この変化は、「問題はもはや、IDプラットフォームを統合するかどうかではなく、いかに摩擦を減らし、コンプライアンスを確保し、投資収益率(ROI)を測定可能な方法で行うかである」という市場全体のコンセンサスを反映しています。
2. モバイルクレデンシャル(認証情報):主要顧客層への普及を完了
現在、モバイルクレデンシャル(認証情報)導入を牽引する主な要因はセキュリティの改善(50%)であり、利便性(34%)を超えました。これは企業や組織がモバイルクレデンシャルの持つ保護機能の利点を認識したことによる注目すべき変化です。
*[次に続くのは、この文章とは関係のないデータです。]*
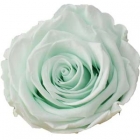 Rosen der Farbe minty green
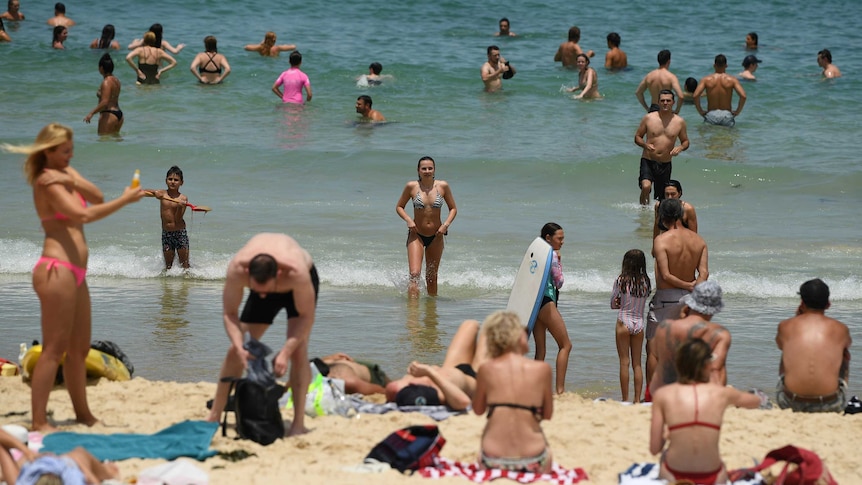 People cool off in the water on Bondi Beach, Sydney, on November 28, 2020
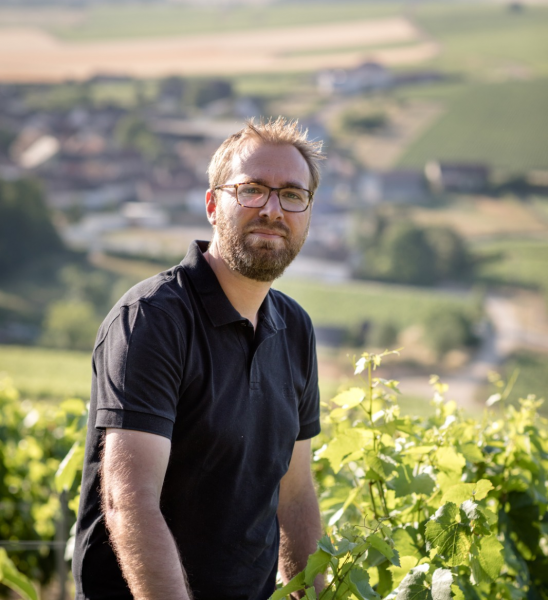 Domaine Vincent Dampt - Skurnik Wines & Spirits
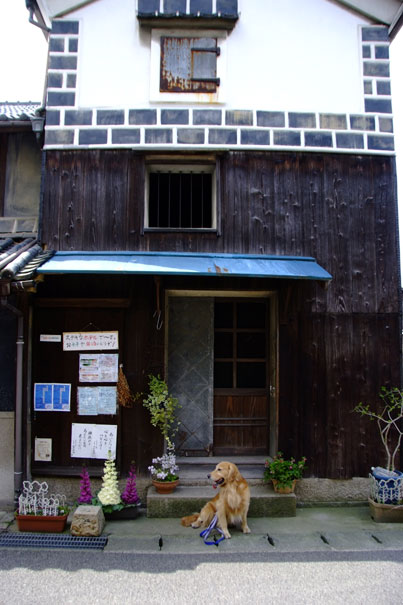 b0075541_21241570.jpg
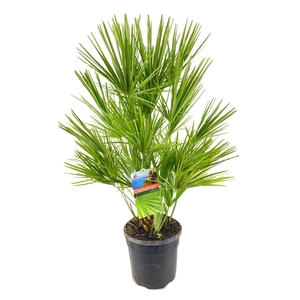 Chamaerops Humilis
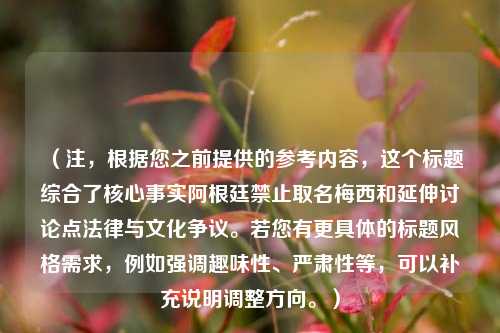 （注，根据您之前提供的参考内容，这个标题综合了核心事实阿根廷禁止取名梅西和延伸讨论点法律与文化争议。若您有更具体的标题风格需求，例如强调趣味性、严肃性等，可以补充说明调整方向。）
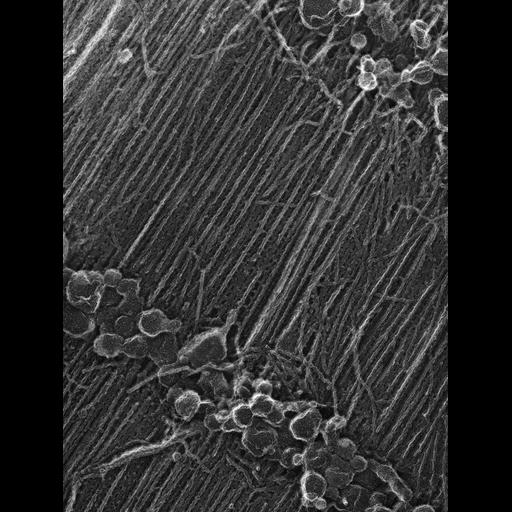  Cell Types:flight muscle cell Cell Components:myofibril, mitochondrion, sarcoplasmic reticulum; Biological process:skeletal muscle contraction, sequestering of calcium ion, mitochondrial proton-transporting ATP synthase complex assembly;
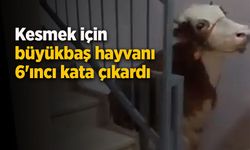 Kesmek için büyükbaş hayvanı 6'ıncı kata çıkardı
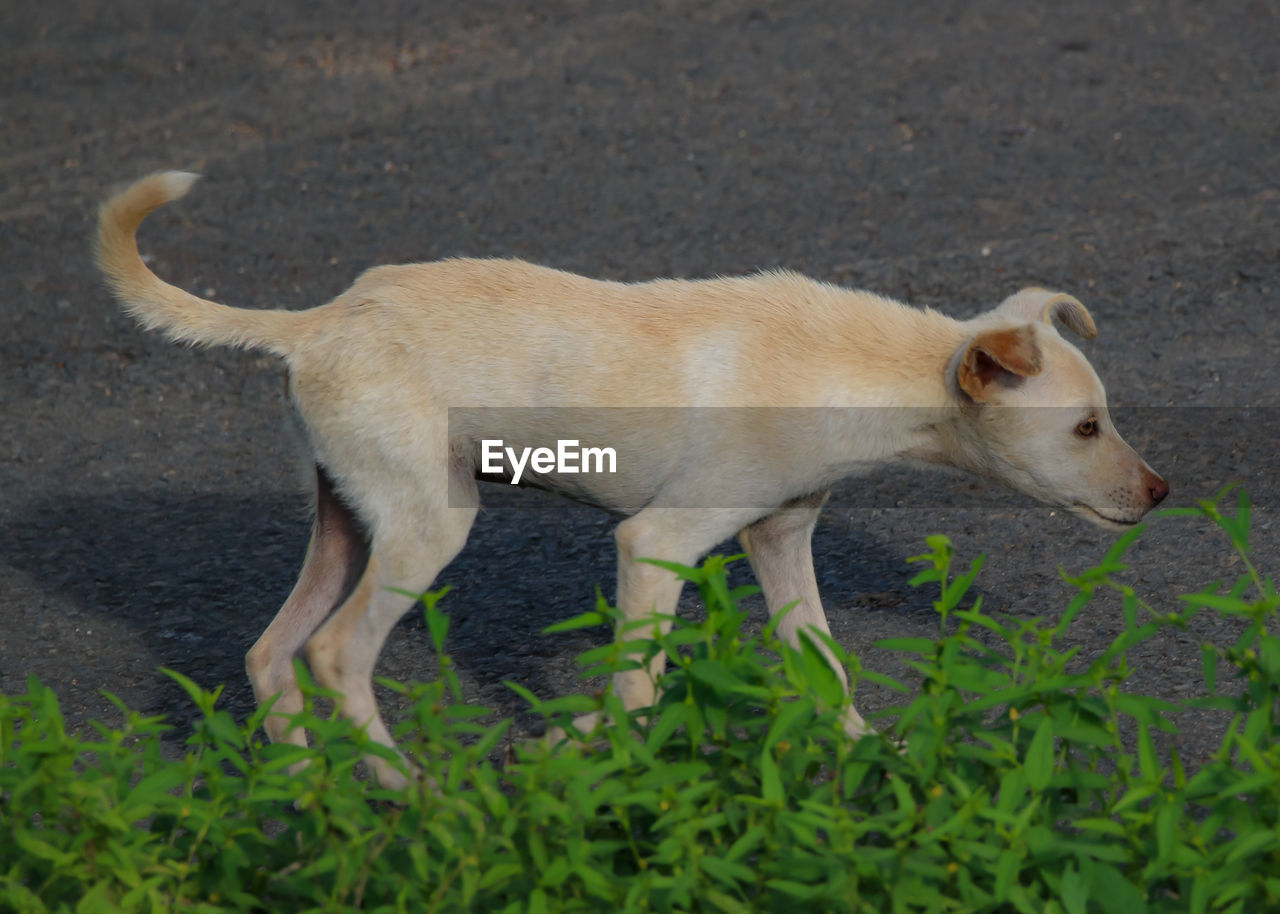 DOG STANDING IN FIELD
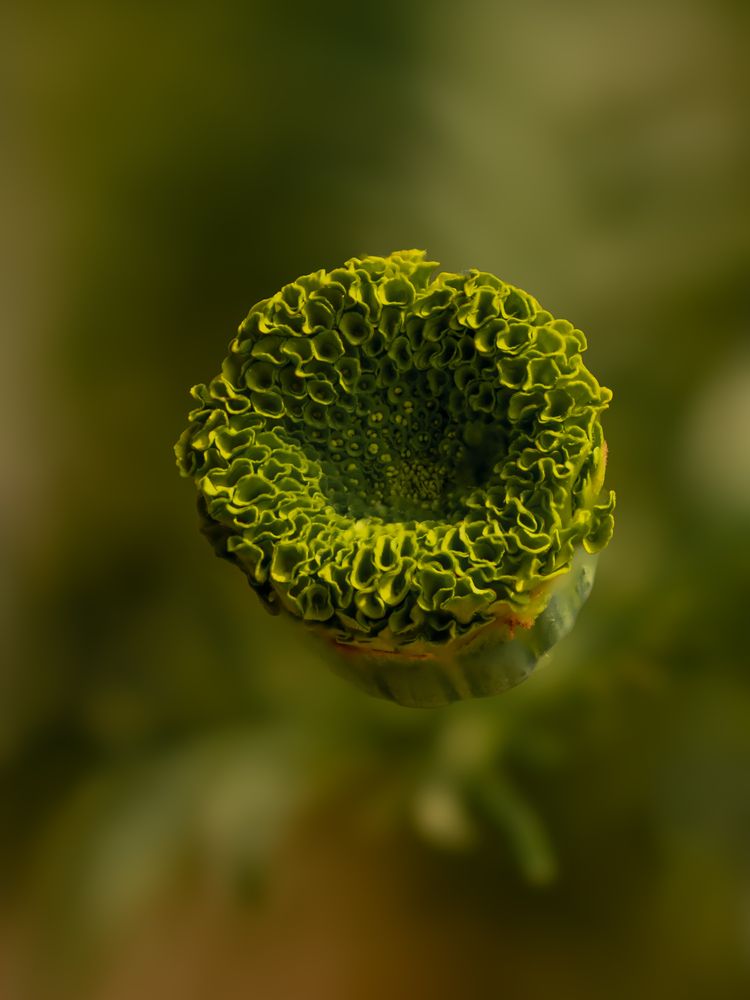 Photograph by SUHAS MANDAL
ハイブリッド型のクレデンシャル運用は依然として標準的で、エンドユーザーの84%がモバイルと物理クレデンシャルの併用を維持していることは、ユーザー側の多様なニーズと運用側のニーズの両立には当面の間は柔軟な運用が求められていることを示しています。
3. 生体認証は、MFA(多要素認証)を超えてアクセス制御の核心部に広がる
生体認証技術はさらに注目を集め続けており(回答者の45%が生体認証技術を戦略的事項と認識)、最も多く使われる方法は指紋認証(71%)と顔認証(50%)です。しかしながら、倫理的および個人情報保護上の懸念は昨年調査の31%から67%と2倍に増えており、 これに応えるための企業や組織は対策を進め、実装における透明性とコンプライアンス遵守を強化しています。
4. リアルタイム位置情報システム(RTLS)が主流の用途に移行
RTLSの採用は、特に医療、製造、物流分野で拡大し続けています。エンドユーザーの約42%がRTLSを戦略的優先事項に挙げ、40%が積極的に展開していると回答しました。しかしながら障壁は依然として存在し、進展を遅らせる要因としてコスト(33%)、個人情報保護に関する懸念(29%)、統合の複雑さ(29%)が挙げられました。当社パートナーの38%は、顧客のRTLSの機能に対する理解が不十分と指摘しており、大きな教育ニーズの存在を示しています。
5. 物理IDとデジタルIDの統合が加速
統一IDソリューションが主流へと移行中で、企業や組織の75%が導入済み(29%)もしくは積極的に評価中(46%)と回答しました。単一のクレデンシャル(認証情報)で建物、ネットワーク、アプリケーションを網羅する仕組みは、効率化とセキュリティ強化に寄与するものの、根強い障壁として、予算制約(51%)、複雑さ(37%)と専門知識とのギャップ(34%)が依然として残っています。
6. RFID導入は安定成長が継続
今やRFIDはインフラであり、もはやイノベーションではありません。RFIDの導入は安定成長が続いており、回答者の54%が資産追跡、在庫管理や商品ロス防止で積極的に利用していると回答しました。かつてはニッチな技術と思われていたRFIDは、今は資産の可視性、在庫管理と業務スマート化の核を成すインフラとして認知されています。セキュリティ責任者は、RFIDの主な利点として追跡のスピード化(62%)、可視性の向上(41%)を挙げています。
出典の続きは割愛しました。